- _Instructions to follow_
The material below contains a line with "Clockmaker -ギア ポスター (キッチン)" and a line with "USAF OCP Uniform". Copy exactly those two lines and all lines between them.

- _Given data_
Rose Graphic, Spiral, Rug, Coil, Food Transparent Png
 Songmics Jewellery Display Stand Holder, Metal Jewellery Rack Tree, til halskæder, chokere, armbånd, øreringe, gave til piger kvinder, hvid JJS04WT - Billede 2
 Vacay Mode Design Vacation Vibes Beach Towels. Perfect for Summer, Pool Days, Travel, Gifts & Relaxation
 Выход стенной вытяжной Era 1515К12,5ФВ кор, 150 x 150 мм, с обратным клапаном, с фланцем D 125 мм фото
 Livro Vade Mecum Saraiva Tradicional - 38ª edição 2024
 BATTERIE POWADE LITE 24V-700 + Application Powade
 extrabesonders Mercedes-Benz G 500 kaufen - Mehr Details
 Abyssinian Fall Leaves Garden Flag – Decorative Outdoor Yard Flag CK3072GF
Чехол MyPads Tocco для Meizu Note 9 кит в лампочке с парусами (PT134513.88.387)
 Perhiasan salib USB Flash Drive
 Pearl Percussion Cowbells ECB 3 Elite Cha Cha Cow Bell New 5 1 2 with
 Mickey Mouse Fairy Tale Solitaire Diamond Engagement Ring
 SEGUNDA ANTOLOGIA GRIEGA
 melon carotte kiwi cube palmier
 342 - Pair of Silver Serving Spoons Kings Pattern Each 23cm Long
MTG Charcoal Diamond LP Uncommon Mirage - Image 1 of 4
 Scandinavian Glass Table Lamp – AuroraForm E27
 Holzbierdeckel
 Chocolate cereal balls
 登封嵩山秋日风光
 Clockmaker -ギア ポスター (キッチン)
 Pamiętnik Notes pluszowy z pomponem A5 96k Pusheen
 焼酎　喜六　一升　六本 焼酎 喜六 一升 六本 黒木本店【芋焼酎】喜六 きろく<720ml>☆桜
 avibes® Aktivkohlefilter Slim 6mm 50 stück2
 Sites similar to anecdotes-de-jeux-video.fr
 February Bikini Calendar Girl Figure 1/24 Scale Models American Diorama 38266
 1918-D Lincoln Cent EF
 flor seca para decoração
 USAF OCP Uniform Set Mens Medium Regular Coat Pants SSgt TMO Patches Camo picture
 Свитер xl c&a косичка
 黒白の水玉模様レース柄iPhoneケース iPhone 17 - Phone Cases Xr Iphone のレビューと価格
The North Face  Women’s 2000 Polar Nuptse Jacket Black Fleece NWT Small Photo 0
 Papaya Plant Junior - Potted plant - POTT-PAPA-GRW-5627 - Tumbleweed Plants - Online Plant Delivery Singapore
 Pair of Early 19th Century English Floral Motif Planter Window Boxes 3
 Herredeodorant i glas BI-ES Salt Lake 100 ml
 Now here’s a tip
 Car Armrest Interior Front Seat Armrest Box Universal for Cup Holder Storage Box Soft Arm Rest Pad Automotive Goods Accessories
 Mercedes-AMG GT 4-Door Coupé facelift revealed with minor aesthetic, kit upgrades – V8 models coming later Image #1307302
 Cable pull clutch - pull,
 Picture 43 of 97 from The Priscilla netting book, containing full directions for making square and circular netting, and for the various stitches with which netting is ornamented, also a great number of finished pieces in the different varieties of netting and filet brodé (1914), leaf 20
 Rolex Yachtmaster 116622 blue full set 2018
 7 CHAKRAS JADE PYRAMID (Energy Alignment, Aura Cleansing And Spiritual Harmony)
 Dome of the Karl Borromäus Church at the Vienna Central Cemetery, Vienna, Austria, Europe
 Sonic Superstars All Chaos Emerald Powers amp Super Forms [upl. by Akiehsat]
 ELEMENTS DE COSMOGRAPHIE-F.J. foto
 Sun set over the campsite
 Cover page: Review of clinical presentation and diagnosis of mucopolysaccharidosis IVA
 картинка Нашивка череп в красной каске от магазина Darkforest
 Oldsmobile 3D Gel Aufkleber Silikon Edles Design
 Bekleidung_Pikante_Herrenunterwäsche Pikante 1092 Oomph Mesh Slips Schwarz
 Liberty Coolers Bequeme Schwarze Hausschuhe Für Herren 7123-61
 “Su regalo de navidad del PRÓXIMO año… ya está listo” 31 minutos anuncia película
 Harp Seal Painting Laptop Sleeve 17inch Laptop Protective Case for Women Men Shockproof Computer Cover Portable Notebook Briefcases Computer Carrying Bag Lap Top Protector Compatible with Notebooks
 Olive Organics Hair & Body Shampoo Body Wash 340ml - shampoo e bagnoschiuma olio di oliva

- _Answer area_
 Clockmaker -ギア ポスター (キッチン)
 Pamiętnik Notes pluszowy z pomponem A5 96k Pusheen
 焼酎　喜六　一升　六本 焼酎 喜六 一升 六本 黒木本店【芋焼酎】喜六 きろく<720ml>☆桜
 avibes® Aktivkohlefilter Slim 6mm 50 stück2
 Sites similar to anecdotes-de-jeux-video.fr
 February Bikini Calendar Girl Figure 1/24 Scale Models American Diorama 38266
 1918-D Lincoln Cent EF
 flor seca para decoração
 USAF OCP Uniform Set Mens Medium Regular Coat Pants SSgt TMO Patches Camo picture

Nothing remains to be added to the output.